33:甘々すぎて。
デートの約束をしたお昼前の時間、エドが部屋に来ました。
サブリナ様と選んだ服も、キーラさんに習ったお化粧もバッチリで彼を出迎えました。
エドがジッと見つめてくるのでどうしたのかと思い首を傾げると、ふわりと柔らかく微笑まれました。
「そういう風に着飾ってるアンタも可愛いな」
「っ――――!」
まさかの甘い言葉に、急に恥ずかしくなってきました。気合を入れすぎたでしょうか? それとも普段があまりにも野暮ったいとかそういう感じに見えているのでしょうか?
「こっちのほうが好きですか?」
「んー? どっちもアンタ……じゃねぇな、アレクサンドライトだろ?」
その言葉に、心が温かくなって、体までぽかぽかしてきました。
「いつもしない化粧を今日はしてるってことは、どこに出かけてもいいようにとか……まぁ、俺がどこにつれてくか秘密にしたせいな気もするが。ちょっとだけ、俺のためなのかなとか自意識過剰なことも考えてるのと……」
「と?」
続きの言葉を待っていたら、唇が触れるか触れないかの距離にエドの顔が近付きました。
「――――キス、出来ないな、ってな。せっかくの口紅が取れる」
「っ! あぅ、はわっ……あああああの、てっ手鏡も口紅もっ、持ってますからっ」
「ふぅん?」
ほんの一瞬だけ触れるようなキスをして、ゆっくりと顔を離したエドの顔は、どう見てもしてやったりの表情。
私のほうはというと、絶対に真っ赤になっています。
「ん、ちょっと触れるくらいなら崩れないか。じゃあ、行こうか?」
エドが右手を差し出してニコッと笑うので、なんだか負けた気分でムッとしつつ左手を重ねると、「頬を膨らませたアレキサンドライトも可愛いな」と更に笑みをこぼされてしまいました。
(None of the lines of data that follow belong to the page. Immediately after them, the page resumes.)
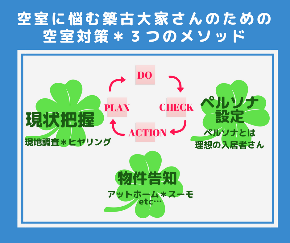 築古大家さん (1).png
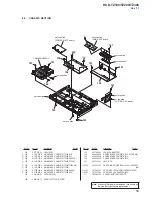 Preview for 55 page of Sony HCD-TZ100 Service Manual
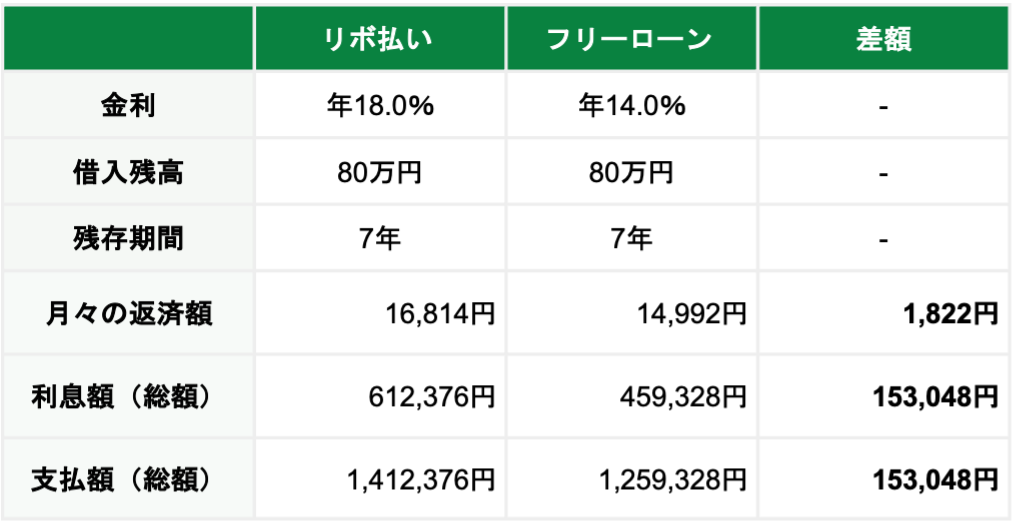 適用金利が下がることで、返済額が減る可能性がある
これはもう勝ち目がありません。まぁ……自分でもなんの勝負かは、分かっていませんが。
エドのカフェを出て左手に向かいました。右は貴族街方面、左は平民街。その先には農業地帯が広がっています。
おしゃべりしながら平民街をのんびり散策しつつ、歩いていたのですが、なんとなく目的地があるような歩き方でした。
「あの、どちらに向かわれるのですか?」
「秘密だって言ったろ?」
「むぅ……」
「っははは! 分かったよ。いじけるなって」
クスクスと笑われつつ教えてもらったのは、エドの料理の師匠のお店なのだそうです。
平民街の少し奥まった人通りの少ないところにある、民家のような佇まいのお店に到着しました。
「入ったら、覚悟しとけよ」
「なにをですか?」
「色々」
「もう! エドはいつも説明が少ないです!」
ちゃんと教えて欲しいのにと言うと、エドが嬉しそうに微笑んでまた一瞬だけ触れるようなキス。
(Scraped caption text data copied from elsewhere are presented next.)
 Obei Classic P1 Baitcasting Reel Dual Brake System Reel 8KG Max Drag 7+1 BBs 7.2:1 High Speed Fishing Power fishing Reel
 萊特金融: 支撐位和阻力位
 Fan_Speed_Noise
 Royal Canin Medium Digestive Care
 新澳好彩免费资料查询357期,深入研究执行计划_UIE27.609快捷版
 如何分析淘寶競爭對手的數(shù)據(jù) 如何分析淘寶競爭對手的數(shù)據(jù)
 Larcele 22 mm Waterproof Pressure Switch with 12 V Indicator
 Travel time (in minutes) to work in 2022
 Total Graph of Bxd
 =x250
「そういうふうに、感情をいっぱい見せてくれるのは嬉しいもんだな」
「っ、ごまかされまひぇん」
誰も見ていないとはいえ、こんなところでという恥ずかしさと、でもエドがキスしてくれるのは嬉しくて、感情がごちゃまぜになり……噛みました。
「ふはっ。ん、可愛い」
今日のエドはなんだか甘々すぎて、まだデート開始二十分なのに心臓が破裂しそうです。